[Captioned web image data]
_ _ _ _ _ _ _
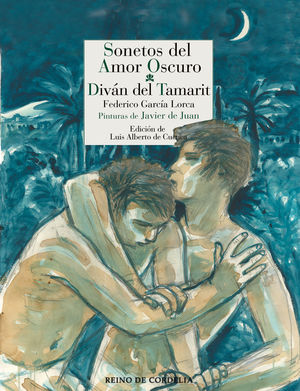 SONETOS DEL AMOR OSCURO/ DIVÁN DEL TAMARIT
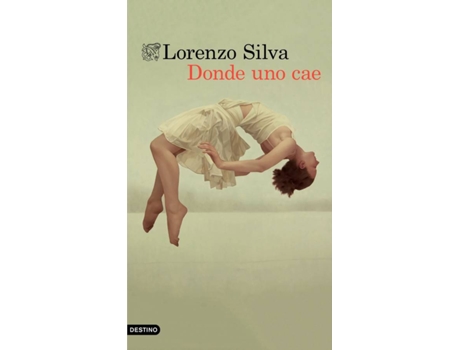 Livro Dónde Uno Cae de Lorenzo Silva (Espanhol)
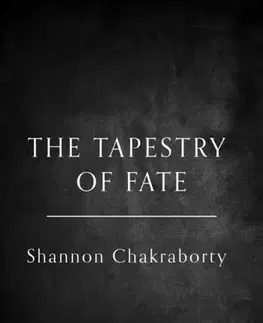 Sci-fi a fantasy The Tapestry of Fate - Shannon Chakraborty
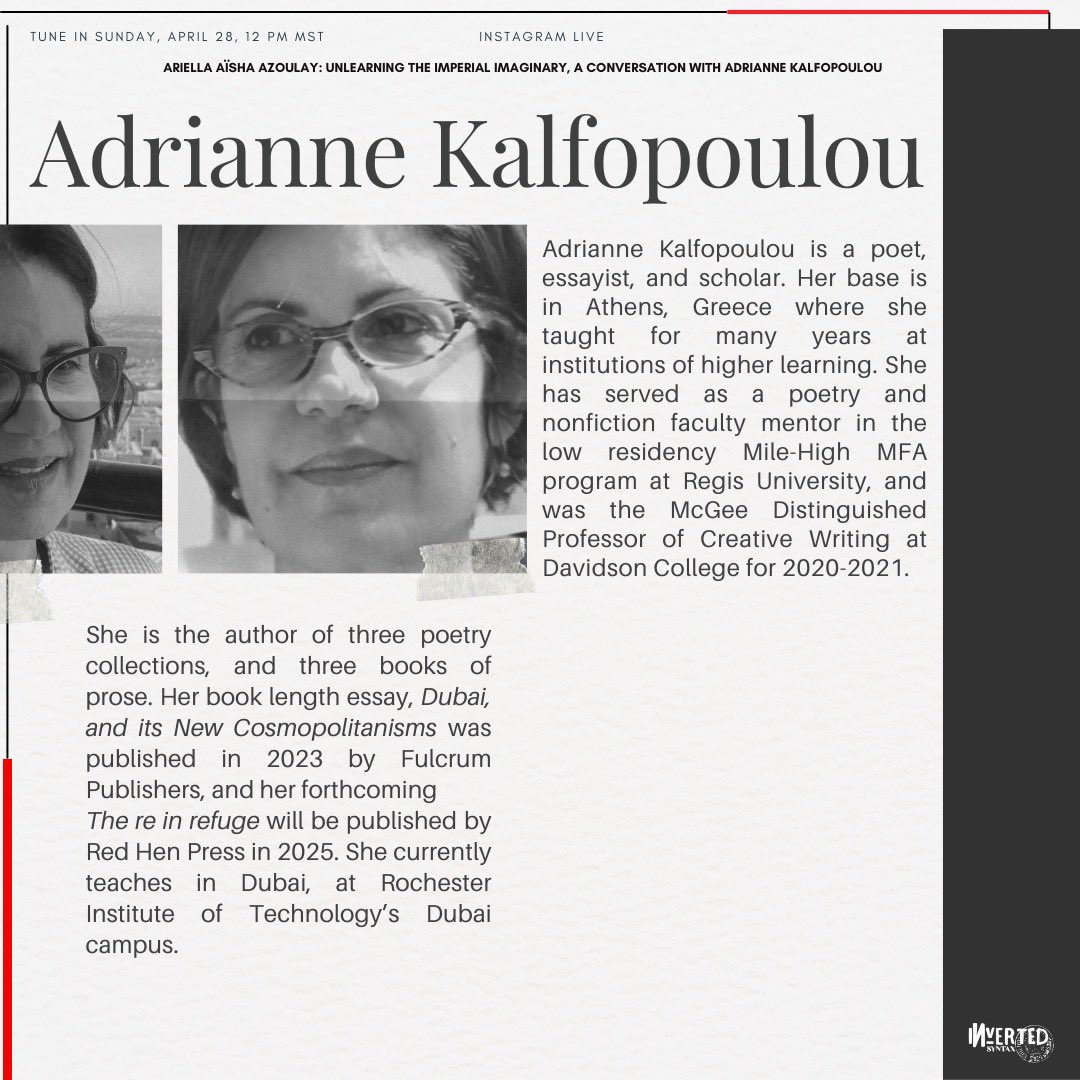 InvertedSyntax's tweet image. 👏🏽Tune 👏🏽in 👏🏽Tomorrow 
04/28 12PM MST  
🎙️LIVE ON INSTAGRAM 
✨Ariella Aïsha Azoulay: UNLEARNING THE IMPERIAL IMAGINARY, a conversation with Adrianne Kalfopoulou @akalf1 

This opportunity &amp;amp; conversation was initiated by @salma_caller for Inverted Syntax NPM Takeover Week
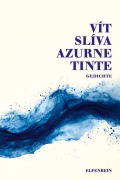 Cover-Bild zum Titel 'Azurne Tinte' von 'Vít Slíva'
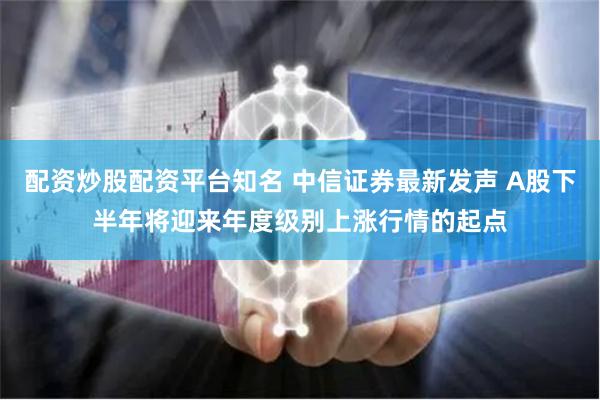 配资炒股配资平台知名 中信证券最新发声 A股下半年将迎来年度级别上涨行情的起点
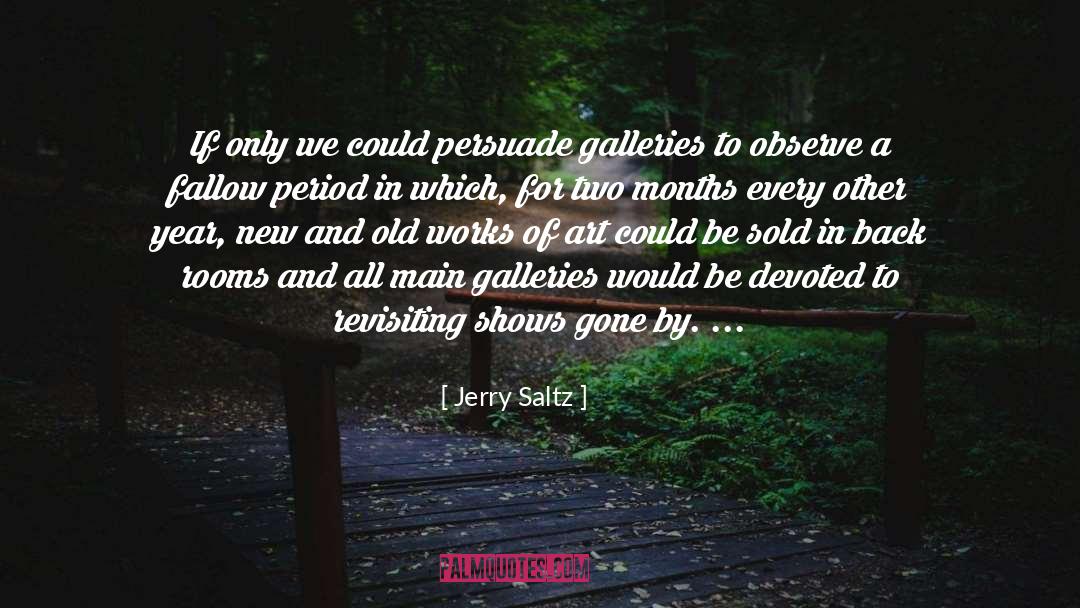 Fallow quotes by Jerry Saltz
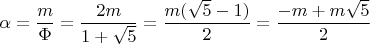 $\alpha =\dfrac{m}{\Phi}=\dfrac{2m}{1+\sqrt{5}}=\dfrac{m(\sqrt{5}-1)}{2}=\dfrac{-m+m\sqrt{5}}{2}$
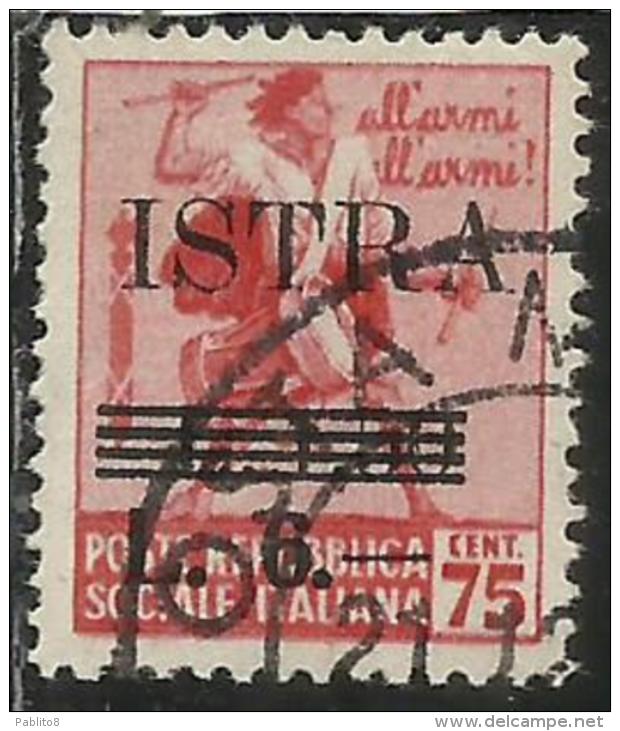 OCCUPAZIONE JUGOSLAVIA YUGOSLAVIA  ISTRIA ISTRA 1945 NUOVO VALORE ITALIA ITALY SURCHARGED LIRE 6 SU 1,75 SU CENT 75 USED - Occup. Iugoslava: Istria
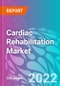 Cardiac Rehabilitation Market - Product Image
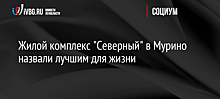 Жилой комплекс "Северный" в Мурино назвали лучшим для жизни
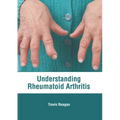 Understanding Rheumatoid Arthritis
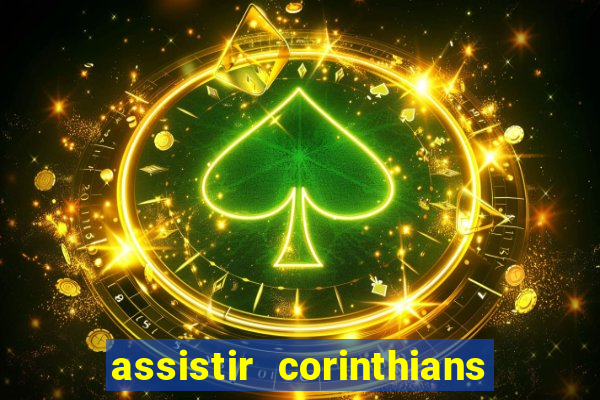 assistir corinthians x palmeiras ao vivo futemax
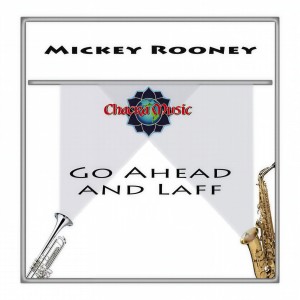 อัลบัม Go Ahead And Laff ศิลปิน Mickey Rooney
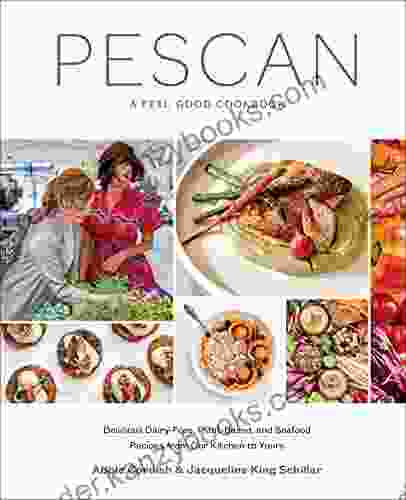 Pescan: A Feel Good Cookbook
_ _ _ _ _ _ _
**Work order:**
Please print all the lines above exactly as given and leave out every picture.

**Answer for the task:**
 SONETOS DEL AMOR OSCURO/ DIVÁN DEL TAMARIT
 Livro Dónde Uno Cae de Lorenzo Silva (Espanhol)
 Sci-fi a fantasy The Tapestry of Fate - Shannon Chakraborty
 InvertedSyntax's tweet image. 👏🏽Tune 👏🏽in 👏🏽Tomorrow 
04/28 12PM MST  
🎙️LIVE ON INSTAGRAM 
✨Ariella Aïsha Azoulay: UNLEARNING THE IMPERIAL IMAGINARY, a conversation with Adrianne Kalfopoulou @akalf1 

This opportunity &amp;amp; conversation was initiated by @salma_caller for Inverted Syntax NPM Takeover Week
 Cover-Bild zum Titel 'Azurne Tinte' von 'Vít Slíva'
 配资炒股配资平台知名 中信证券最新发声 A股下半年将迎来年度级别上涨行情的起点
 Fallow quotes by Jerry Saltz
 $\alpha =\dfrac{m}{\Phi}=\dfrac{2m}{1+\sqrt{5}}=\dfrac{m(\sqrt{5}-1)}{2}=\dfrac{-m+m\sqrt{5}}{2}$
 OCCUPAZIONE JUGOSLAVIA YUGOSLAVIA  ISTRIA ISTRA 1945 NUOVO VALORE ITALIA ITALY SURCHARGED LIRE 6 SU 1,75 SU CENT 75 USED - Occup. Iugoslava: Istria
 Cardiac Rehabilitation Market - Product Image
 Жилой комплекс "Северный" в Мурино назвали лучшим для жизни
 Understanding Rheumatoid Arthritis
 assistir corinthians x palmeiras ao vivo futemax
 อัลบัม Go Ahead And Laff ศิลปิน Mickey Rooney
 Pescan: A Feel Good Cookbook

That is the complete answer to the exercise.